The wave pattern for GBP/USD continues to indicate the formation of a bullish impulsive wave sequence. The wave pattern is nearly identical to that of EUR/USD, as the main driver in both cases remains the U.S. dollar. Demand for the dollar is declining across the board, which is why many instruments are showing similar dynamics. Wave 2 of the upward trend has taken on a single-wave form. Within the presumed wave 3, waves 1 and 2 have already formed. Therefore, we are now likely seeing the continuation of the pound's rise within wave 3 of 3 — and that is exactly what's unfolding.
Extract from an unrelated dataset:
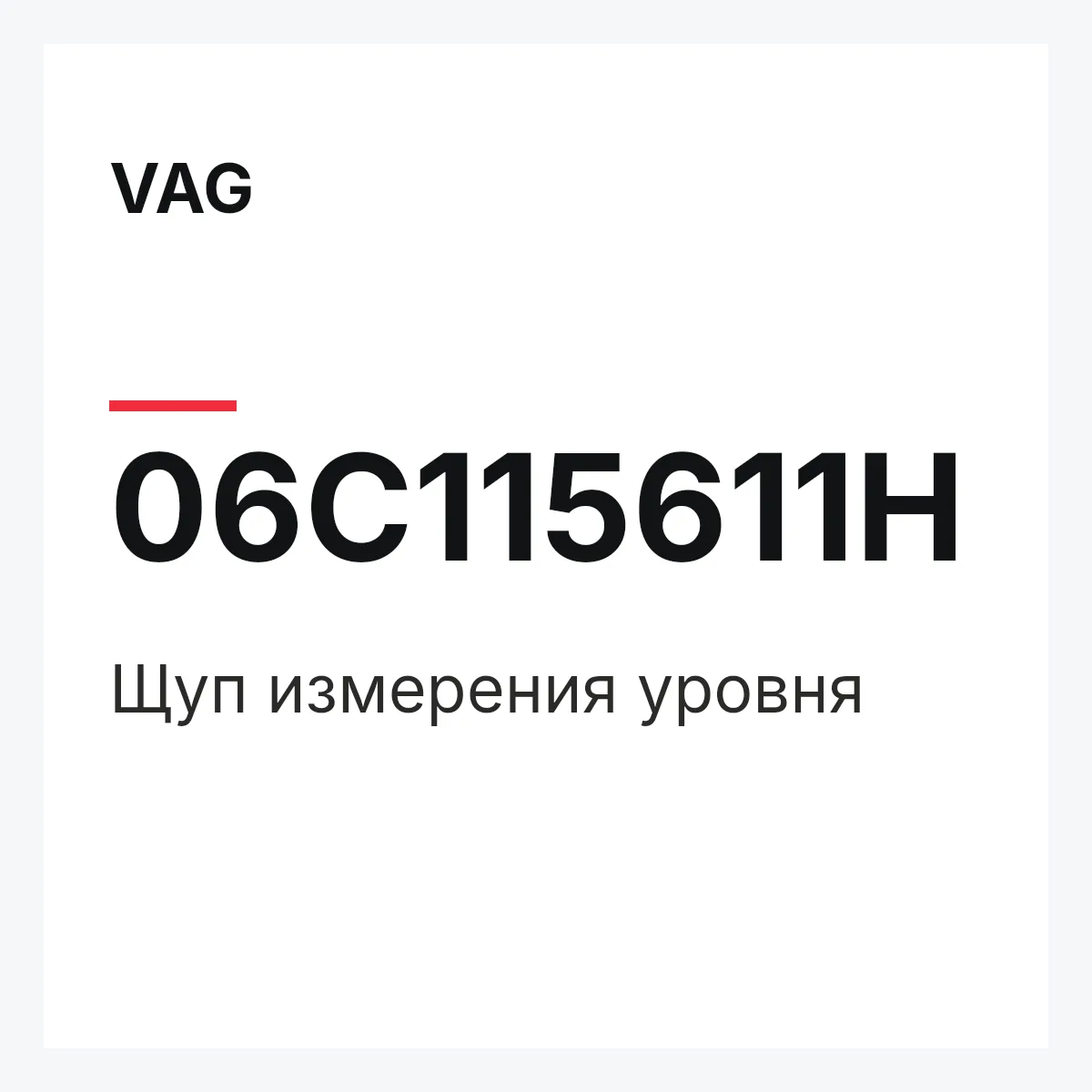 VAG 06C115611H — Щуп измерения уровня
It's important to remember that much of what is currently happening in the currency market depends on Donald Trump's policies — not just trade policy. The U.S. occasionally releases decent economic data, but the market remains focused on the persistent uncertainty in the economy, Trump's contradictory decisions and statements, and the hostile, protectionist stance of the White House. As a result, it is very difficult for the dollar to convert even positive news into sustained market demand — and so far, it hasn't succeeded.
The GBP/USD rate rose by 75 basis points on Monday and added another 75 in the first half of Tuesday. This next surge didn't come after Jerome Powell's speech in Congress or after Andrew Bailey's Tuesday morning remarks. Instead, the market started dumping the U.S. dollar after America launched a missile strike on Iran, and Iran responded by shelling U.S. military bases in the Middle East — of which there are about 20.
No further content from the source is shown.